For any organization to run and grow either organically or even seamlessly merge/ acquire with another entity and continue promoting growth, digital transformation plays a vital role. Regardless of the industry, to reach your customer base with maximum potential, you need to have the digital means that can be personalized based on individual customers, geographical or demographic distributions.
Elasticity-
– For organizations to excel at that, there has to be a plan for infrastructure, data centers, and scalable digital platforms so they don’t become bottlenecked under extremely high traffic volumes. At the same time, there needs to be a balance on how much we are investing to set up these infrastructure boxes, so that not too much is spent to do too little.
What if your industry has a high volume of traffic during one time of year and a low volume during other parts of year? These are the ideal use cases where industries prefer an “elastic” infrastructure which can scale up or down based on business needs.
This raises an important factor to consider when enterprise-level architecture for any organization is being planned. A move into cloud computing, therefore, seems to be picking up a lot of popularity where organizations can leverage the flexible infrastructure features.
1. You can choose to increase or decrease the number of servers needed in the cluster to handle the amount of traffic. This way, you don’t need to spend too much on infrastructure upfront.
2. The cloud vendor can provide automatic software upgrades, patching etc. for a certain price.
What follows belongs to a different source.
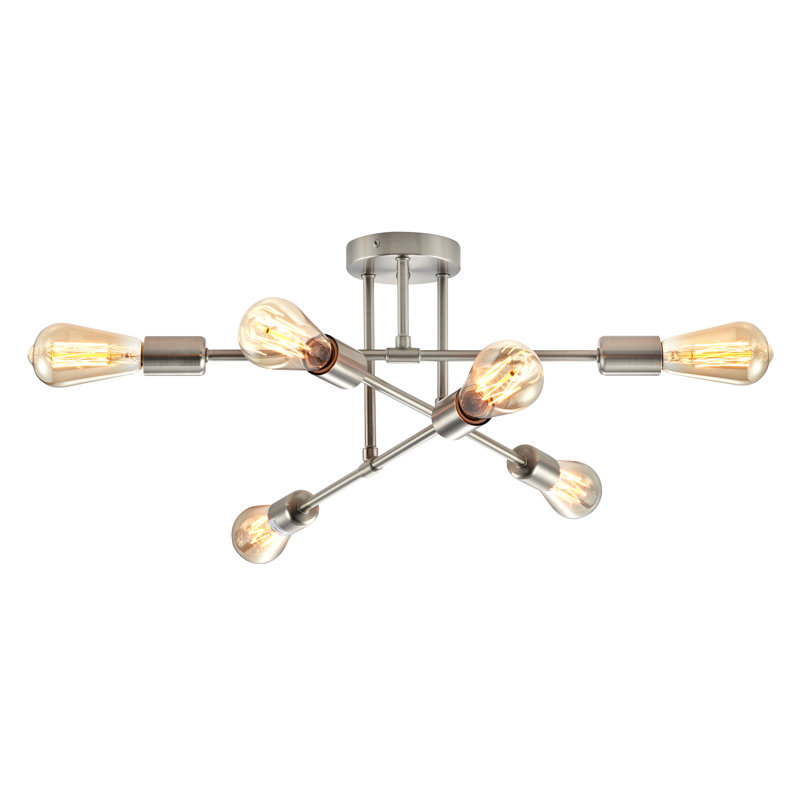 Plafonnier encastré à 6 lumières de 22,83 po de diamètre Braylon, Brushed Nickel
3. Some basic security measures can be off-loaded to the cloud provider and even a private cloud network can be set up (still keeping the concept of intranet for the organization in cloud)
Disaster Recovery-
Along the same lines, we need to assess whether good disaster recovery techniques have been established. Since it tends to be a non-functional requirement on the enterprise architecture level, at times companies would tend to deprioritize these disaster-recovery projects since the direct cost-benefit metrics may be hard to realize immediately. Nevertheless it is critical to have one.
Because cloud computing leverages the principles of network and device virtualization, it is much easier to set up a copy of the current infrastructure compared to physical data centers and infrastructure. We can use the virtualization technique to put together the entire system, including operating systems, virtual appliances , data stores and all VMs into one software bundle and simply replicate it onto multiple places (creating copies) within minutes to hours, thereby reducing the cost significantly, all for one subscription fees.
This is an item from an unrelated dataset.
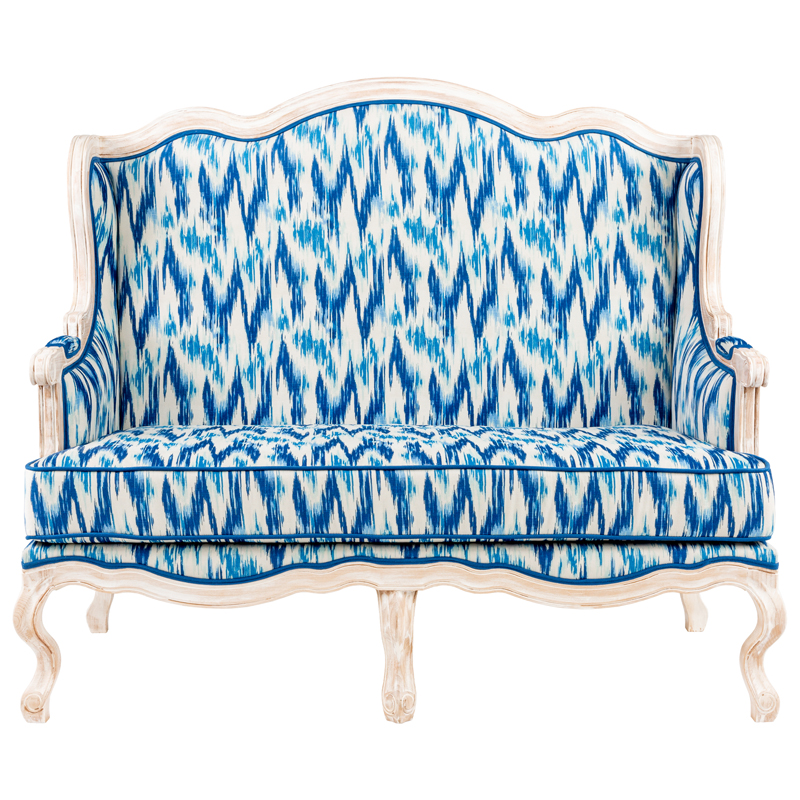 Двухместный диван с голубым узором Ikat Pattern Белый Голубой Двухместный диван с голубым узором Ikat Pattern Белый Голубой в Кирове | Loft Concept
Some leading market players are already making strides into this space, with their integration platform-as-a-service offering to integrate multiple systems like ERP, CRM, Middleware ESB as well as providing the ability to write client-facing façade services like APIs. MuleSoft is an excellent candidate to consider for integration, which could become a single platform for integration and cloud computing.
If you are not already leveraging cloud computing for all these benefits, you may be spending either too much time or using too many resources to maintain your infrastructure. The next decade in digital evolution is going to be all about collecting data in orders of zettabytes, and if we are not already leveraging cloud computing to increase the speed, reliability and simplicity of systems, we may be too slow!